Karine Deshayes à Clermont-Ferrand, les mélodies d’un bonheur
Désormais dirigé par Ève Coquart, le Clermont Auvergne Opéra présentera début juin une nouvelle saison qui marquera aussi les prémices d’une ère nouvelle. Mais pour l’heure la maison lyrique clermontoise aborde sa fin de saison en programmant un récital qui, sur le papier, a tout pour être la promesse d’une belle soirée : l’une des mezzos les plus demandées de sa génération pour invitée de marque, un pianiste habitué à l’exercice du récital, et dans l’art d’allier comme ce soir un programme musical au large spectre, allant de la mélodie française à quelques grands airs du bel canto.
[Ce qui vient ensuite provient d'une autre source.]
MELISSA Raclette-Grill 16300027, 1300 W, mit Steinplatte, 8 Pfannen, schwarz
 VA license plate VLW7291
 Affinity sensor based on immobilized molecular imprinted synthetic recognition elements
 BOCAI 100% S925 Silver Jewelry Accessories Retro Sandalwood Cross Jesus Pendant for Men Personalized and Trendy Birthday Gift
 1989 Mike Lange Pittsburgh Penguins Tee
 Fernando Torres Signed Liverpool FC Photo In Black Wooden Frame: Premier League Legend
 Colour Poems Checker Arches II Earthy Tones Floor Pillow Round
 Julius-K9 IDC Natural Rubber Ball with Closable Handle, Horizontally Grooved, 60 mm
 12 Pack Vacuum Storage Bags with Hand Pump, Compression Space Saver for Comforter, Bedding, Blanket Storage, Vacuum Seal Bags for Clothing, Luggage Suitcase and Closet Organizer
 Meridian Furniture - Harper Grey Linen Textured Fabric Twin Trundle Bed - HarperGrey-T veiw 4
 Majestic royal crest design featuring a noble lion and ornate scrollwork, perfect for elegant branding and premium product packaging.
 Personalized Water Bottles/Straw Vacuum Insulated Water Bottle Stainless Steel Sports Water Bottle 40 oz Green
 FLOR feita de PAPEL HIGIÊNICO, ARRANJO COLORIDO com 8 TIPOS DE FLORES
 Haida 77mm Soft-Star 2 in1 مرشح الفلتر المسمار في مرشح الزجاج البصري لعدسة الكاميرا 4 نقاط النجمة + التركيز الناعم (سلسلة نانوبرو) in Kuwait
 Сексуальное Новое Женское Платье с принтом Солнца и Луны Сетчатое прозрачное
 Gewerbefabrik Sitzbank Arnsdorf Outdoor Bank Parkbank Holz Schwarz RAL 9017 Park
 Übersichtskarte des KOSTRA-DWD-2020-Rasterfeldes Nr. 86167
Un riche menu, en deux temps. D’abord, la mélodie française, avec des pièces d’Henri Duparc toutes empreintes d’une poésie éloquente (composées sur des textes de Charles Baudelaire, Jean Lahor et Leconte de Lisle), puis Gounod, avec sa mélodie L’Absent, et deux extraits de ses opéras, Sapho (« Ô Ma Lyre immortelle ») et La Reine de Saba (« Plus grand dans son obscurité »). Puis, de la France à l’Italie, il n’y a donc qu’un pas, allègrement franchi dans une seconde partie de programme convoquant Donizetti, Bellini, sans oublier Rossini avec des extraits d’Otello ou d’Elisabetta, regina d’Inghilterra, opéra dans lequel Karine Deshayes s’était illustrée fin 2022 dans une version concertante à Marseille (notre-compte-rendu).
Comme au coin du feu
Un copieux programme en somme, dont la mezzo-soprano française s’empare ici avec toute la nécessaire virtuosité. La prosodie et l’émission, dans le souci du mot comme dans celui de la sonorité déploient une voix de velours dont jamais la projection n’est forcée, se faisant naturellement sonore et expressive. Toute la largeur de l’ambitus est sollicitée avec égale aisance et conviction culminant en des aigus vaillants. Le regard tantôt grave, tantôt rayonnant au gré des émotions dépeintes, la mezzo use de son timbre mordoré et de son émission suave et ronde pour soutenir crescendos, legato soyeux, vibrato raffiné et silences marqués avant de repartir virevoltant vers la ”Canzonetta spagnuola" de Rossini chantée avec un entrain communicatif.
Antoine Palloc au piano se fait accompagnateur impeccable, et complice, sa technique assurée aux nuances précises sachant valoriser les choix de sa partenaire autant que des pièces pour piano solo comme la Méditation de Thaïs ou l’Andante de Donizetti. À l'instrumentiste, comme à la mezzo, le public réserve une chaleureuse ovation, lui valant de récolter en bis "A Chloris" de Reynaldo Hahn tout aussi apprécié que le reste du programme.